|NASA to release air-safety survey
November 26, 2007
|The pilot poll found issues such as near- collisions
occur more often than thought.
Mark K. Matthews
WASHINGTON - NASA's top boss said Wednesday that the agency will no longer block the release of a national survey of airline pilots that found safety problems such as near-collisions occur much more often than previously recognized.
NASA Administrator Michael Griffin told federal lawmakers the agency would release the survey by Jan. 1 -- an answer that didn't satisfy U.S. House Democrats.
Members of the House Committee on Science and Technology and others grilled Griffin on the study during a contentious, three-hour hearing.
"NASA needs to focus on maintaining and increasing the safety of the flying public, not on protecting the commercial air carriers," said Rep.
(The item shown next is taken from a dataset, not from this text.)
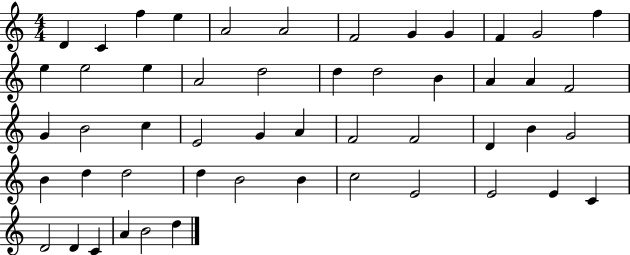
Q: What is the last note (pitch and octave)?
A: D5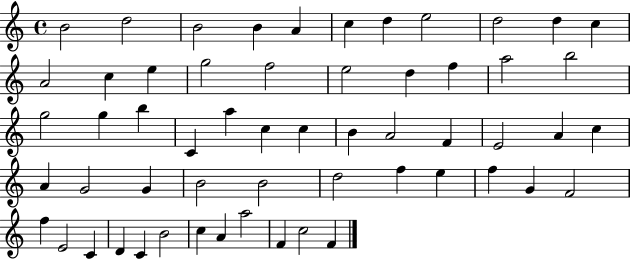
B4/h D5/h B4/h B4/q A4/q C5/q D5/q E5/h D5/h D5/q C5/q A4/h C5/q E5/q G5/h F5/h E5/h D5/q F5/q A5/h B5/h G5/h G5/q B5/q C4/q A5/q C5/q C5/q B4/q A4/h F4/q E4/h A4/q C5/q A4/q G4/h G4/q B4/h B4/h D5/h F5/q E5/q F5/q G4/q F4/h F5/q E4/h C4/q D4/q C4/q B4/h C5/q A4/q A5/h F4/q C5/h F4/q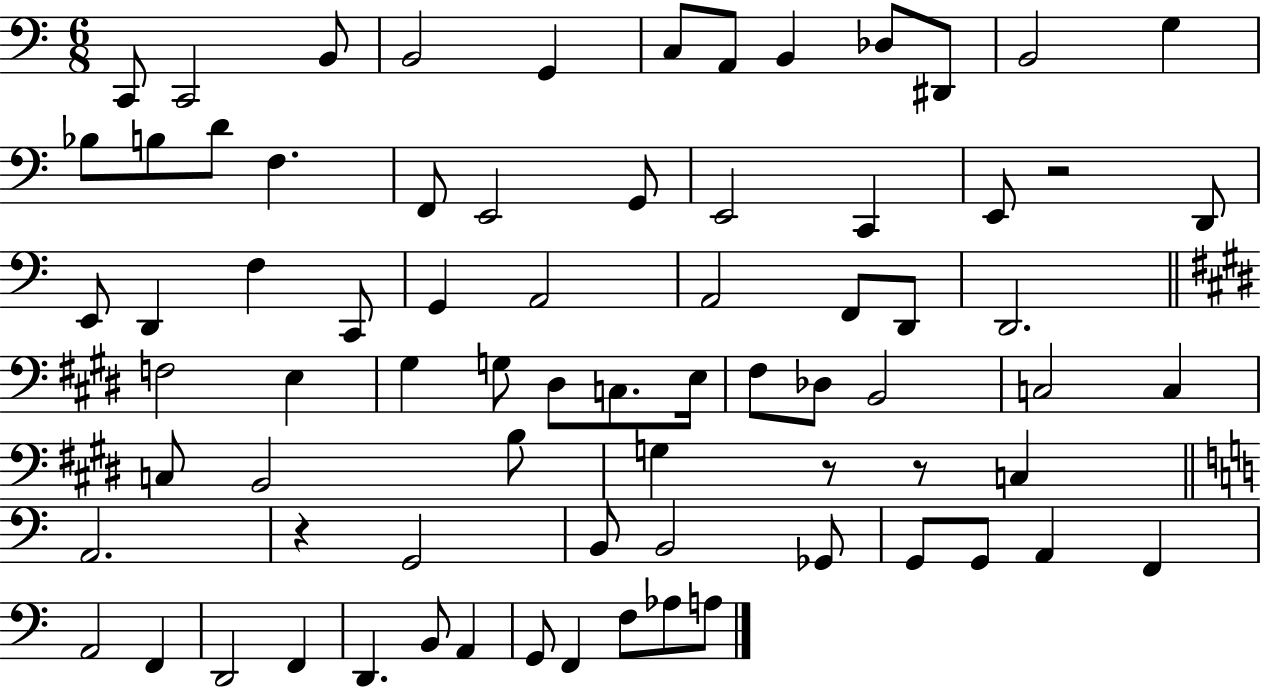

Bart Gordon, D-Tenn., who chairs the science committee.
One reason NASA had cited for keeping the report confidential was that its release could harm airlines' "commercial welfare." Griffin denounced that stance Wednesday, saying NASA would never put corporate interests "ahead of public safety."
He promised NASA would disclose results of the $11.3 million anonymous survey as soon as the agency is certain it is impossible to identify any of the nearly 30,000 pilots who told researchers about safety issues they saw.
To do that, Griffin proposed removing parts of the database so the public cannot use airport, airline or time details to figure out the pilots.
"It is possible to go back and identify the participants, and that can't be allowed," he said.
About 24,000 commercial and 5,000 private pilots were interviewed from April 2001 to December 2004, according to NASA.
Griffin's response didn't sit well with Democrats, who questioned how much censure was necessary and the amount of time it would take. An Associated Press reporter requested access to the survey more than a year ago.
"Get this done and get this out to the public," said Rep. Jerry Costello, D-Ill. He said NASA must press Battelle Memorial Institute, the contractor behind the survey, to work 24 hours a day to prepare its release. "It is your responsibility to clean this up."
Not everyone joined the attack, however. The committee's top Republican warned of a "serious chilling effect" on future government research if the survey's release allows participants to be identified.
"We should be cognizant of striking a balance between transparency and confidentiality," said Rep. Ralph Hall, R-Texas.
Rep. Tom Feeney, R-Oviedo, chastised his Democratic colleagues for assailing Griffin even after the administrator said NASA was wrong and would release the data.
"Like the nagging spouse who enjoys browbeating his
partner, the majority proceeded to repeatedly pummel NASA's finest administrator
in recent memory," Feeney said in a statement. He did not attend the hearing.